Sebagai alternatif takjil, Luthfianti menyarankan konsumsi 1–3 butir kurma atau buah utuh dibandingkan minuman sirup atau teh dengan gula berlebih. Rasa manis alami dari buah dinilai lebih baik karena mengandung serat yang membantu menjaga kestabilan gula darah.
Secara global, World Health Organization (WHO) merekomendasikan konsumsi gula tambahan kurang dari 10 persen total kebutuhan energi harian, bahkan lebih baik jika di bawah 5 persen.

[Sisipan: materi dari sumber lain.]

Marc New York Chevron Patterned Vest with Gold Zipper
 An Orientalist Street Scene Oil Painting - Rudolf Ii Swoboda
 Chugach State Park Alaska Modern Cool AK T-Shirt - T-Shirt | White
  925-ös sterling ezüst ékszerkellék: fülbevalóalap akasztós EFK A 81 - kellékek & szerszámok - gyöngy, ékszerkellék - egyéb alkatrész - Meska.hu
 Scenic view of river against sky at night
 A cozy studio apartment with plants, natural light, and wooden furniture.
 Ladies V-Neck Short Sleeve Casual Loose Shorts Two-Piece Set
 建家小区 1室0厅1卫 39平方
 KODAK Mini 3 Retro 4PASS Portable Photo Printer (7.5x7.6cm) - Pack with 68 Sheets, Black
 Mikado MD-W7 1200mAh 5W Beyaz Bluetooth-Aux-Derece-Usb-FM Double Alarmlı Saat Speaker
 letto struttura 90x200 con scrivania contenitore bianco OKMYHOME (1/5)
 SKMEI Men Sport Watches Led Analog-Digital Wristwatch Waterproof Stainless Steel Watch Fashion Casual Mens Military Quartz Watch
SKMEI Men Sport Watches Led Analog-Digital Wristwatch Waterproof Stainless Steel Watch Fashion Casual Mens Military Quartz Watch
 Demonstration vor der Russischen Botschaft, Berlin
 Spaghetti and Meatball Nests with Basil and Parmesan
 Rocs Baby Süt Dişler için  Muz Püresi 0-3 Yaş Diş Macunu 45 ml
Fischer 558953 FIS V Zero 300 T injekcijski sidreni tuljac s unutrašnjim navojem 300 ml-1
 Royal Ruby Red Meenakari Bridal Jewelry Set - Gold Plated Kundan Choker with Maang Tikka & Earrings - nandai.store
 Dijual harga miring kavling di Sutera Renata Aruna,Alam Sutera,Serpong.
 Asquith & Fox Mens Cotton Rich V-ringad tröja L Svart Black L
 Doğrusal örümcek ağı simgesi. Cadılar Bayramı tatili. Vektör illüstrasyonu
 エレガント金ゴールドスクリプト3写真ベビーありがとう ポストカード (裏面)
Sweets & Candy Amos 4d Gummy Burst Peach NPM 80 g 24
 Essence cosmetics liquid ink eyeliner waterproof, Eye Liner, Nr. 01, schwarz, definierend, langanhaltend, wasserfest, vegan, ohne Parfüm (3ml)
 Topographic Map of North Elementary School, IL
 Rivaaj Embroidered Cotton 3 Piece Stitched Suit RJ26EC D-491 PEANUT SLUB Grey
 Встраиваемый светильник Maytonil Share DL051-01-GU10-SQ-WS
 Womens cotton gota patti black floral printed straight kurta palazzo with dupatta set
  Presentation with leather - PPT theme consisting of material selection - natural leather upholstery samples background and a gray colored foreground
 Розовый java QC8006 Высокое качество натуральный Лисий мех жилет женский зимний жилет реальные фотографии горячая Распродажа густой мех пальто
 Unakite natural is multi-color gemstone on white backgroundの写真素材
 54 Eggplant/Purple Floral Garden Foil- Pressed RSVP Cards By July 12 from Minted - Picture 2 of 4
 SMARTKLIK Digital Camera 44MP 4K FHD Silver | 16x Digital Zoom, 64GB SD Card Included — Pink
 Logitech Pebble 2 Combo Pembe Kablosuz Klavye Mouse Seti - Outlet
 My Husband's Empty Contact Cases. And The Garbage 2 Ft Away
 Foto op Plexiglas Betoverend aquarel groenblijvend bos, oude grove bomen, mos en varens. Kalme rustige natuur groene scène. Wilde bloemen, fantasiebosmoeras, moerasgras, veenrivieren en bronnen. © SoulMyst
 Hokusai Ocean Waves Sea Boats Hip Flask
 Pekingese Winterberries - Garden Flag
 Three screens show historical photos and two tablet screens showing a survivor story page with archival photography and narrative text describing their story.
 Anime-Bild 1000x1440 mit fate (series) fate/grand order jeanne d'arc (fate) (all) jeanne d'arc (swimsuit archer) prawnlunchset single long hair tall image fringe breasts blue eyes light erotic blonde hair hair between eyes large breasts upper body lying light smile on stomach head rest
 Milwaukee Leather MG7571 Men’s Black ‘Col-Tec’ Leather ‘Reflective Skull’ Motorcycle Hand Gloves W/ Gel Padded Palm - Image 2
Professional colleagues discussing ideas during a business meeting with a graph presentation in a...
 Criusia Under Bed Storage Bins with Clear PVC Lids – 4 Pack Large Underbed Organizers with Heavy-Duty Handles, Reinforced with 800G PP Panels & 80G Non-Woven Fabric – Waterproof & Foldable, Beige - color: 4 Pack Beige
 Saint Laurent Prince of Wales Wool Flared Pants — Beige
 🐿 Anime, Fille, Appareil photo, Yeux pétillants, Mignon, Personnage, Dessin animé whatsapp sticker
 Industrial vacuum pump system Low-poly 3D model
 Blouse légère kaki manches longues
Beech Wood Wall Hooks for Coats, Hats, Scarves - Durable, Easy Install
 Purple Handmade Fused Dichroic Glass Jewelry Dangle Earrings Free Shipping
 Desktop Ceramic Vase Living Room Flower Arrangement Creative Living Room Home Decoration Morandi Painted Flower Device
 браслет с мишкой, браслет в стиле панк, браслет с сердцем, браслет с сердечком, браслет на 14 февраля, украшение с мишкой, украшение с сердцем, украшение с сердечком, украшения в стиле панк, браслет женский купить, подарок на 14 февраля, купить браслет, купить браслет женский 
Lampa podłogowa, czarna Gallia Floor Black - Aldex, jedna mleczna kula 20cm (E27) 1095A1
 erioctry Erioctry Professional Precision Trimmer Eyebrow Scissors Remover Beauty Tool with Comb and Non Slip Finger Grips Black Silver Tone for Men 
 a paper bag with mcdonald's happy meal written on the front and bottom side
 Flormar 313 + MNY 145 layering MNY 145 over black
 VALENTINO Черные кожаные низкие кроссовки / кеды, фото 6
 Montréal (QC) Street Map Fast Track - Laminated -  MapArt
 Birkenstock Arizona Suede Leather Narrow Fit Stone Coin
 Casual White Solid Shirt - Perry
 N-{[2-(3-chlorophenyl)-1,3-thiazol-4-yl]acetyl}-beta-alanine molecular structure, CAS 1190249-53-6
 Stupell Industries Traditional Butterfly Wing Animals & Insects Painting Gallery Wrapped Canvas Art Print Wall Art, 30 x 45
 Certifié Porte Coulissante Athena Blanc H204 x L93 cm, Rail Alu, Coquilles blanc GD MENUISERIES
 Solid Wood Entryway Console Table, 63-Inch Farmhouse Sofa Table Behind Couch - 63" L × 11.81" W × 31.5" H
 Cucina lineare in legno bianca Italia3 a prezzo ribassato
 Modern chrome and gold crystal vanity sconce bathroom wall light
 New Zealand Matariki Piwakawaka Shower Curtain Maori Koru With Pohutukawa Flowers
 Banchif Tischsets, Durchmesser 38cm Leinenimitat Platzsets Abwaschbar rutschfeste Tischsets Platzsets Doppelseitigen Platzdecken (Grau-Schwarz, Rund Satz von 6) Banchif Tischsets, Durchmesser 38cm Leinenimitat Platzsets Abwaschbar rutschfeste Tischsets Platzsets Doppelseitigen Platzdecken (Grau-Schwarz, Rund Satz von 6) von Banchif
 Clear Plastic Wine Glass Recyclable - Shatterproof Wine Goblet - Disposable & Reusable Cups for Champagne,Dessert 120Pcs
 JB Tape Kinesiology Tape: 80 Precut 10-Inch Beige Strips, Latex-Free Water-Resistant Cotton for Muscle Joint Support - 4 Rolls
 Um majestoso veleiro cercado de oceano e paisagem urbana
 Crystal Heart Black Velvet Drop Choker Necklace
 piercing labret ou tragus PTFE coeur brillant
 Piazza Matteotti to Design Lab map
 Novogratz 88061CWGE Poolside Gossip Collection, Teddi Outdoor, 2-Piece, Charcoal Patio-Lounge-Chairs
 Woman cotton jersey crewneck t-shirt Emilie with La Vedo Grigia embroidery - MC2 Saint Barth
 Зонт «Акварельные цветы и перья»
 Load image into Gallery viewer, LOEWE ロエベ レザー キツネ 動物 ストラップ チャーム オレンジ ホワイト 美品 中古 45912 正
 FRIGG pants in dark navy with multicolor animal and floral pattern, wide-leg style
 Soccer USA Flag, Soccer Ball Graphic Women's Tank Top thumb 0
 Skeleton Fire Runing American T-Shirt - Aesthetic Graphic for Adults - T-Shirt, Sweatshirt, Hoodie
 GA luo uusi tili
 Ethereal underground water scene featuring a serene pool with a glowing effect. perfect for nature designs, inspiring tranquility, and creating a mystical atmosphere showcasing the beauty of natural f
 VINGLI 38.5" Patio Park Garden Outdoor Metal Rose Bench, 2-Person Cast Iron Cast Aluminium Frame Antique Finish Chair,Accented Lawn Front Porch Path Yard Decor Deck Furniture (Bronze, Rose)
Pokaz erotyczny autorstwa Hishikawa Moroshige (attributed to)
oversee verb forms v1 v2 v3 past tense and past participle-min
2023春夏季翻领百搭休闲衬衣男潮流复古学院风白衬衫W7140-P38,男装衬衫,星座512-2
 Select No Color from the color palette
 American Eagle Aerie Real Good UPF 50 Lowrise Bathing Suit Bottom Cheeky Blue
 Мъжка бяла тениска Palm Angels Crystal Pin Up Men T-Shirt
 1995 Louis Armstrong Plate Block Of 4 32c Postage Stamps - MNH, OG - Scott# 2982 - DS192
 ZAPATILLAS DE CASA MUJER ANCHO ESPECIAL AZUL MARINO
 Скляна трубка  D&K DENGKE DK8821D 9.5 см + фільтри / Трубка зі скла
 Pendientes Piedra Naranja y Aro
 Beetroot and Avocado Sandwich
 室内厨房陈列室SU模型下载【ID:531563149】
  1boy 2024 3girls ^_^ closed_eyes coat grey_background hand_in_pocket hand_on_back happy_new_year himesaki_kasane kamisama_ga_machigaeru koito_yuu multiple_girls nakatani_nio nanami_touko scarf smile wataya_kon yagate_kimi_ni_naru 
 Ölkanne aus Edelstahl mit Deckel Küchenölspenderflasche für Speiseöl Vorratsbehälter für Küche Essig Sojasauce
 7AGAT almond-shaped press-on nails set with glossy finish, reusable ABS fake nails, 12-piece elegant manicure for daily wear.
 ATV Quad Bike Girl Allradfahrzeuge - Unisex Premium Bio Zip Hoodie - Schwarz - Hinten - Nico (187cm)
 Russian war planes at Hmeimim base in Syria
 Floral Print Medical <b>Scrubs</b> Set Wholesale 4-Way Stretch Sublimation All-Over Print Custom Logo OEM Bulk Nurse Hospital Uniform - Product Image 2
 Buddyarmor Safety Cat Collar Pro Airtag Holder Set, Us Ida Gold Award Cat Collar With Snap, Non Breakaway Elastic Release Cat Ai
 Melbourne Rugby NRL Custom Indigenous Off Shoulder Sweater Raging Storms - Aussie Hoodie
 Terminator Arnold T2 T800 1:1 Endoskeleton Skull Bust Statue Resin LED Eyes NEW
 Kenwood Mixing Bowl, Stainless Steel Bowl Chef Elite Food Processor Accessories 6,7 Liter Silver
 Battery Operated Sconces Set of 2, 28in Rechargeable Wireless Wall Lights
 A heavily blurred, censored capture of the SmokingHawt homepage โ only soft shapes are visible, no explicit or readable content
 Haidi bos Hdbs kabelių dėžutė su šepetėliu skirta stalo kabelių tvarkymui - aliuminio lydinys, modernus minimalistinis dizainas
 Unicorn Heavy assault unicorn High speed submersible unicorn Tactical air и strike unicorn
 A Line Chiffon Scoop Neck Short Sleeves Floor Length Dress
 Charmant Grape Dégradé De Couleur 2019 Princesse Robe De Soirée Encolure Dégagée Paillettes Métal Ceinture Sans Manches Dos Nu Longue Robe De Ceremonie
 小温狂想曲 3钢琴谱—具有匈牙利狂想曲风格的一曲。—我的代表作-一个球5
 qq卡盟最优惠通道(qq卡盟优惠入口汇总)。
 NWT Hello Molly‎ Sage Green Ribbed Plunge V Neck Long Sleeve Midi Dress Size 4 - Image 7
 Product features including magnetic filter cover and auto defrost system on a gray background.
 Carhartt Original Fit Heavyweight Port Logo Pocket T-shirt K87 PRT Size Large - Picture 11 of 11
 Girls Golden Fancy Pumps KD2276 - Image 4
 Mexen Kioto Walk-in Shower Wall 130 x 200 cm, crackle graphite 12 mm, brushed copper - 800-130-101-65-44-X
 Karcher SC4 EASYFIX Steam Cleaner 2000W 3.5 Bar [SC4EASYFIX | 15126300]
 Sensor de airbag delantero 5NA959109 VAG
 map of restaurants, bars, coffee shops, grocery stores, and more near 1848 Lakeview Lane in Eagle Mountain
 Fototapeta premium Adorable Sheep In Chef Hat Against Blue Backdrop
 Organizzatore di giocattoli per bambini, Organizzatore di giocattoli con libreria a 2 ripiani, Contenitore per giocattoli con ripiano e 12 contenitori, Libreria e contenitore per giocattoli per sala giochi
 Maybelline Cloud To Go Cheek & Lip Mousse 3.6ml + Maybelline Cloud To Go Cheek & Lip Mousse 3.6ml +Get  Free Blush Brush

Di Indonesia, Kementerian Kesehatan Republik Indonesia menganjurkan batas konsumsi gula maksimal 50 gram per hari atau setara sekitar empat sendok makan.
Konsumsi gula yang melampaui batas tersebut dalam jangka panjang berisiko memicu berbagai masalah kesehatan, seperti diabetes, obesitas, hingga gangguan kesehatan gigi.